_PROBLEM STATEMENT_
Start at the line with "Don't Worry Had" in the records below, stop at the line with "揭秘CBA拉拉队美女训练日常：光环背后的汗水与坚持", and return every line in that span exactly, the two end lines included.
Top of TASK DATA
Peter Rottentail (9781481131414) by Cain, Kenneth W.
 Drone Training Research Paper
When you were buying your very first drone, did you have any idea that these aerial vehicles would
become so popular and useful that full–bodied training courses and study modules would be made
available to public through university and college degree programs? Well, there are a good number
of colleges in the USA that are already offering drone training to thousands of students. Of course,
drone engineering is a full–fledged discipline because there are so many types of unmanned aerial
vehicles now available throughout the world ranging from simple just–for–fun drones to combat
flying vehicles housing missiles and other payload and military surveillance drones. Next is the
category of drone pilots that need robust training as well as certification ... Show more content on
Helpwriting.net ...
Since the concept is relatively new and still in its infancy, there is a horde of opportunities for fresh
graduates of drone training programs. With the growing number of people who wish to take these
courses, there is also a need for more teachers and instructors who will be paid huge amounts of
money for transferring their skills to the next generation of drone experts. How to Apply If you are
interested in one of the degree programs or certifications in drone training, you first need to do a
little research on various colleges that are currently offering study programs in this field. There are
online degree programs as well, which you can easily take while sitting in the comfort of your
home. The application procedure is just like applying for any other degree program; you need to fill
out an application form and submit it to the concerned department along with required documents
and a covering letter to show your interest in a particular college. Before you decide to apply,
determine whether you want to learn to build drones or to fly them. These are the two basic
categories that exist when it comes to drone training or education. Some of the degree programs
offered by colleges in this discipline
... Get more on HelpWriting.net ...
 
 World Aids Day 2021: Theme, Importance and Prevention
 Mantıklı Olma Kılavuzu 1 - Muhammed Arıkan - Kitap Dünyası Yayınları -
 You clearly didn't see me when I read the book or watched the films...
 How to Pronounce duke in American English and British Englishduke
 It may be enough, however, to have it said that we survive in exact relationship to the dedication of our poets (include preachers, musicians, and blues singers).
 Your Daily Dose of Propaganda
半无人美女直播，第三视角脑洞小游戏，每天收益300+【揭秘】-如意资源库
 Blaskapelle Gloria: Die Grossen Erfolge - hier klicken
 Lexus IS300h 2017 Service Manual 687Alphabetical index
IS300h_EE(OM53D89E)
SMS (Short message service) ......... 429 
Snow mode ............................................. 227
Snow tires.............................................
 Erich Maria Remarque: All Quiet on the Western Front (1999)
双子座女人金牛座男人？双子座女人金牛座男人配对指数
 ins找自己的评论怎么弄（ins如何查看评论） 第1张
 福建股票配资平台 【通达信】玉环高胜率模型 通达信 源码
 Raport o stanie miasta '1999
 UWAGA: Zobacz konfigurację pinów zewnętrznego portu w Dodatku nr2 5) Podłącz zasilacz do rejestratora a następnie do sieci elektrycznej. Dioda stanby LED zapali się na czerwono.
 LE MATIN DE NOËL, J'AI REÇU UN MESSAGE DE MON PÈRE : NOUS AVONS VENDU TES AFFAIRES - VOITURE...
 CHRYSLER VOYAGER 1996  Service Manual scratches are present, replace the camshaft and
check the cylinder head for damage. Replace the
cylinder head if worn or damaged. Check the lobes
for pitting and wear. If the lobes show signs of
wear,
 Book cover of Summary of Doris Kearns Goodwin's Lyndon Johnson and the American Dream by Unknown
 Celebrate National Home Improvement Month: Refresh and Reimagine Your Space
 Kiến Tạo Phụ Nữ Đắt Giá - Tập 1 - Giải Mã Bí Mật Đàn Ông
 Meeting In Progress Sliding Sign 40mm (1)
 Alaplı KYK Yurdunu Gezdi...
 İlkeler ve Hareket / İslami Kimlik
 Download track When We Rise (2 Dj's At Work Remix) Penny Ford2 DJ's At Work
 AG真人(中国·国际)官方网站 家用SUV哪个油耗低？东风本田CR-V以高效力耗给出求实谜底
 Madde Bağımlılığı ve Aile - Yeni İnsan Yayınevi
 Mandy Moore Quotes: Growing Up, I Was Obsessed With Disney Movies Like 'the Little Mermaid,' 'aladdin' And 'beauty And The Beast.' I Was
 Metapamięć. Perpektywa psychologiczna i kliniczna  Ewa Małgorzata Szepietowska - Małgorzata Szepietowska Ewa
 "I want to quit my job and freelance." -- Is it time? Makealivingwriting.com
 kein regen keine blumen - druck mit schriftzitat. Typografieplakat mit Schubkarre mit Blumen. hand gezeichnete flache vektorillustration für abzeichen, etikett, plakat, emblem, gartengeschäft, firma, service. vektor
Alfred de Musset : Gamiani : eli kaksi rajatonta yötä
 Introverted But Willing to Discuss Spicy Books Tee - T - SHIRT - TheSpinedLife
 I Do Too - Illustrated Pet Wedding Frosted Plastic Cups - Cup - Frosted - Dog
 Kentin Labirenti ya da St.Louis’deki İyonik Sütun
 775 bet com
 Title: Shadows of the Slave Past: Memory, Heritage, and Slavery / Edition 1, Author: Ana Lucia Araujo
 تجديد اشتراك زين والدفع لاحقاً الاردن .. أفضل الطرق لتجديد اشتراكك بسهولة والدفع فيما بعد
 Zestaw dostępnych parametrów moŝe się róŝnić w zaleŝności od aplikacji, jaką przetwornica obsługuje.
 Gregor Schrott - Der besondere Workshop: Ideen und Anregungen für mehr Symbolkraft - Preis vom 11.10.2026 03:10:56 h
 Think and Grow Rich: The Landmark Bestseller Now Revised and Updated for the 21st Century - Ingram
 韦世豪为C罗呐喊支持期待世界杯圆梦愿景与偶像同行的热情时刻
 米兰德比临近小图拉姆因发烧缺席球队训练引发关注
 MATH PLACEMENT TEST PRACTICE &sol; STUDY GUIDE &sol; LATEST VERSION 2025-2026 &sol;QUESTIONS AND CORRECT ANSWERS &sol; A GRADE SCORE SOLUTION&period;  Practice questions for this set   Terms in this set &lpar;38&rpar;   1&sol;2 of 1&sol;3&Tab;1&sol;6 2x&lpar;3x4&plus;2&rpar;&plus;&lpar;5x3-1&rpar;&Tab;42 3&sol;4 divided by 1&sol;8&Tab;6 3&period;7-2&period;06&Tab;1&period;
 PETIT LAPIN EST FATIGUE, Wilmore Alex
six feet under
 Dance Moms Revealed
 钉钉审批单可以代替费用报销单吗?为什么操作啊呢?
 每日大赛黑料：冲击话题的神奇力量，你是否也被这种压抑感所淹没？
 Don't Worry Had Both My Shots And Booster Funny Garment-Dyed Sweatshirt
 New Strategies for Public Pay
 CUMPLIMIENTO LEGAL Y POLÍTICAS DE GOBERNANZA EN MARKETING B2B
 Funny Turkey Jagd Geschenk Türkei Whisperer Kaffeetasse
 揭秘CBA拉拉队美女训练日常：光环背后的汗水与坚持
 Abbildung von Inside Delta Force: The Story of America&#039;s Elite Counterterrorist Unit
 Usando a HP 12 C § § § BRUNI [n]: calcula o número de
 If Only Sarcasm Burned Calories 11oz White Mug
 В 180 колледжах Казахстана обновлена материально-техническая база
Bottom of TASK DATA
_ANSWER AREA_
 Don't Worry Had Both My Shots And Booster Funny Garment-Dyed Sweatshirt
 New Strategies for Public Pay
 CUMPLIMIENTO LEGAL Y POLÍTICAS DE GOBERNANZA EN MARKETING B2B
 Funny Turkey Jagd Geschenk Türkei Whisperer Kaffeetasse
 揭秘CBA拉拉队美女训练日常：光环背后的汗水与坚持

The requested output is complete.